Allah yang diimani mempunyai 20 sifat dan 100 nama yang indah. Orang muslim yang saleh mencoba selalu mengucapkan keseratus nama Allah yang indah ini dengan pertolongan sebuah tasbih yang berupa sebuah untaian 100 butir-butiran.
Iman Islam
Kesaksian pokok iman Islam dirumuskan dalam kalimat syahadat yang terdiri atas dua kalimat (karena itu dinamakan juga “dua kalimat syahadat”). Yang pertama kesaksian atas Allah Yang Maha Esa, sedangkan yang kedua kesaksian atas Muhammad sebagai rasul Allah. Kalimat syahadat ini diucapkan pada waktu orang menjadi muslim (sebagai ucapan upacara inisiasi dari non-Islam ke Islam dan waktu akad nikah).
Syahadat akan Allah yang Maha Esa ini merupakan salah satu dari enam rukun iman dalam Islam. Kelima rukun iman lainnya adalah percaya pada Malaikat, Kitab Suci, Rasul, Hari Kiamat, dan Takdir Ilahi.

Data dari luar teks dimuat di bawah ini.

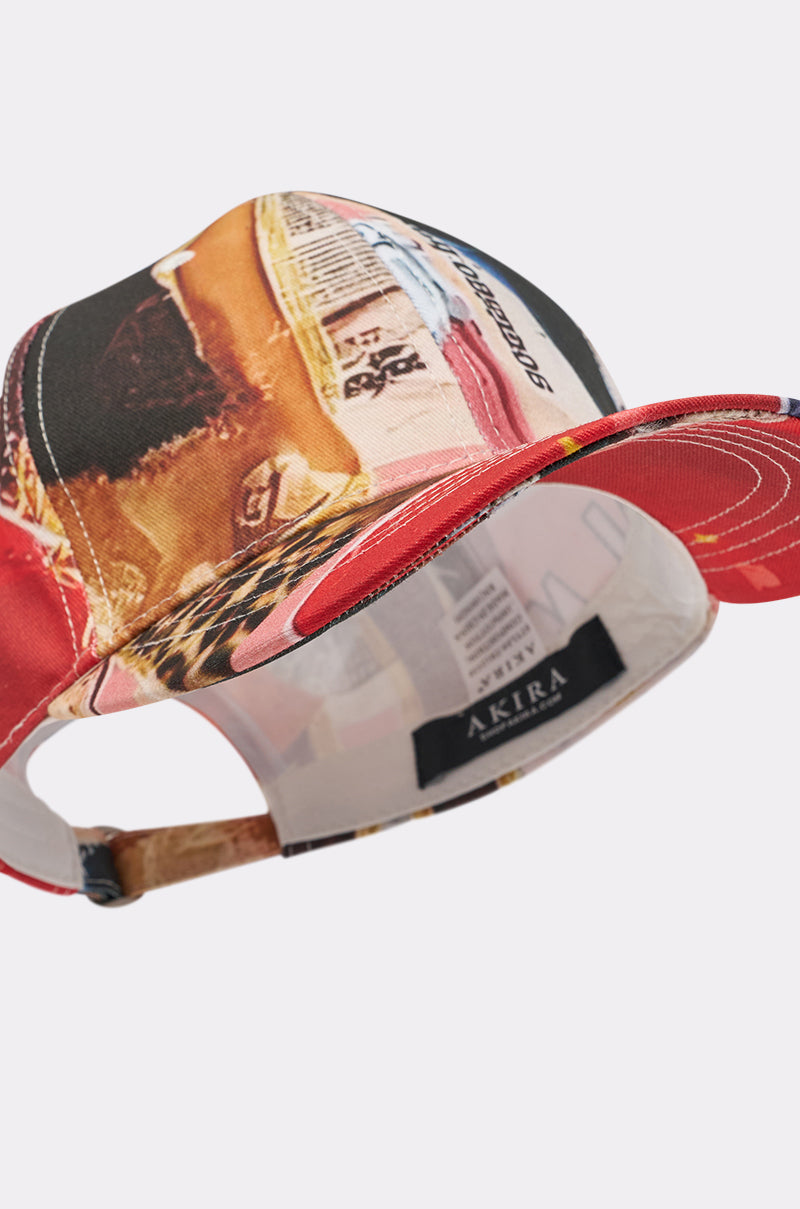The IN THE ZINE PRINT HAT is a street-style baseball cap with a vibrant magazine-inspired print, curved brim, adjustable back strap, and an interior label reading "AKIRA. 6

Islam mengajarkan bahwa dalam kurun waktu tertentu Allah memberikan wahyu-Nya kepada manusia tertentu dengan perantaraan malaikat Jibril. Orang yang mendapat wahyu ini disebut nabi dan jumlahnya banyak sekali, antara lain Adam, Luth, Ibrahim, Daud, dan Isa. Bila nabi itu diutus mewartakan wahyu yang diterimanya itu kepada orang-orang lain, ia disebut rasul, yang berarti utusan (Allah).
Kitab Suci Agama Islam
Wahyu yang diberikan kepada para nabi berupa sebuah Kitab Suci yang merupakan kutipan langsung dari induk Kitab Suci (ummal kitab) yang tersimpan di surga (al lauh al mahfudz).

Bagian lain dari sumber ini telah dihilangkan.